Exercise brief: Extract every line between the one with "Tiny photo for" and the end of the entries, both included, word for word and free of pictures.

Data records:

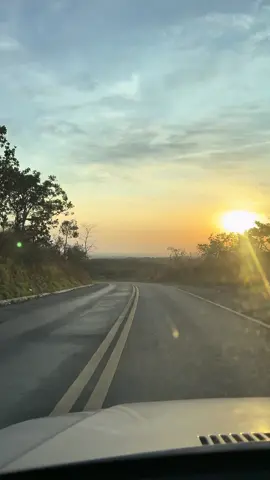 Bora cortando estradão no Goiás #zonarural_go #estrada #LIVEIncentiveProgram #GoLIVEGrowFast #PaidPartnership 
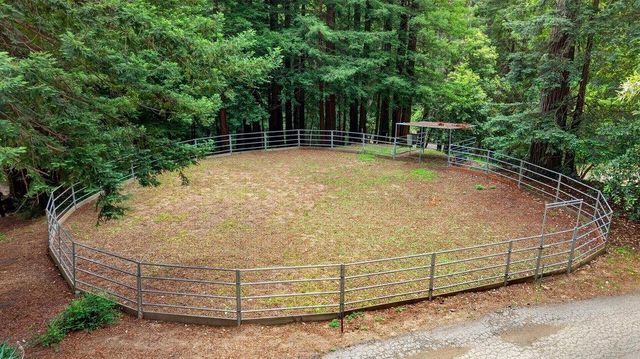 450 Stellar Way, Boulder Creek, CA 95006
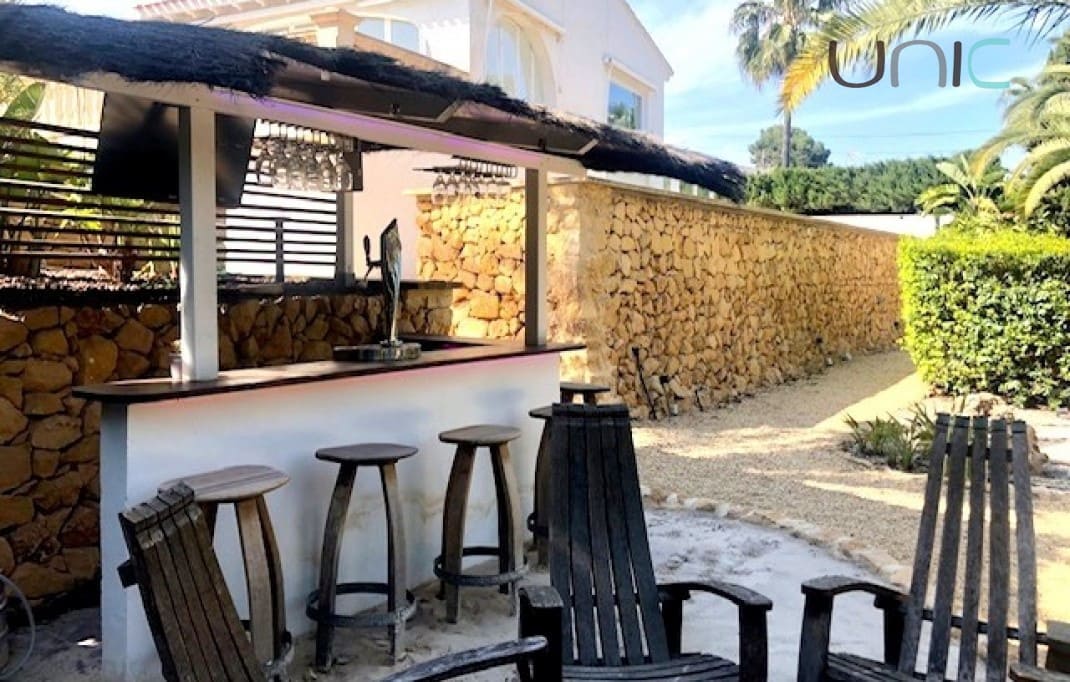 Chalet de 5 habitaciones en La Nucia en venta con piscina - 695.000 € (Ref: 8098068)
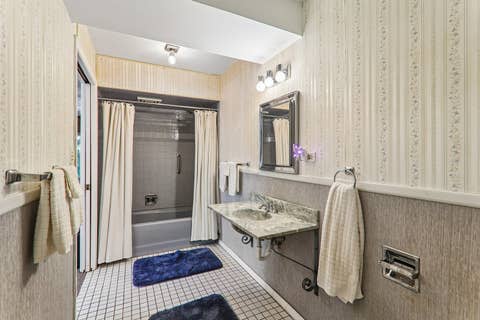Tiny photo for 2870 Alden Lane, Des Plaines, IL 60018 (MLS # 12731489)
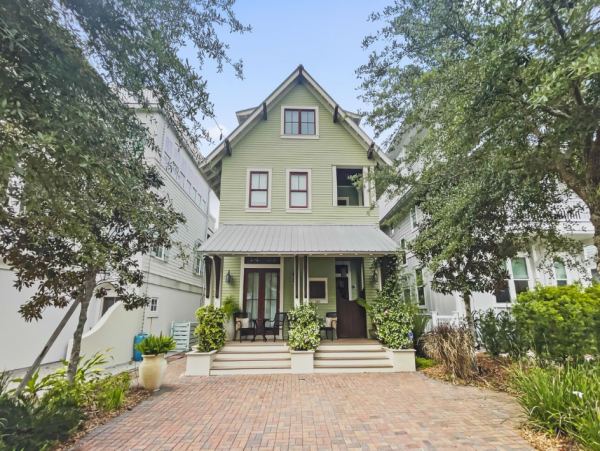 Beautiful Five Bedroom Vacation Home in Seacrest Beach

Expected answer:
Tiny photo for 2870 Alden Lane, Des Plaines, IL 60018 (MLS # 12731489)
 Beautiful Five Bedroom Vacation Home in Seacrest Beach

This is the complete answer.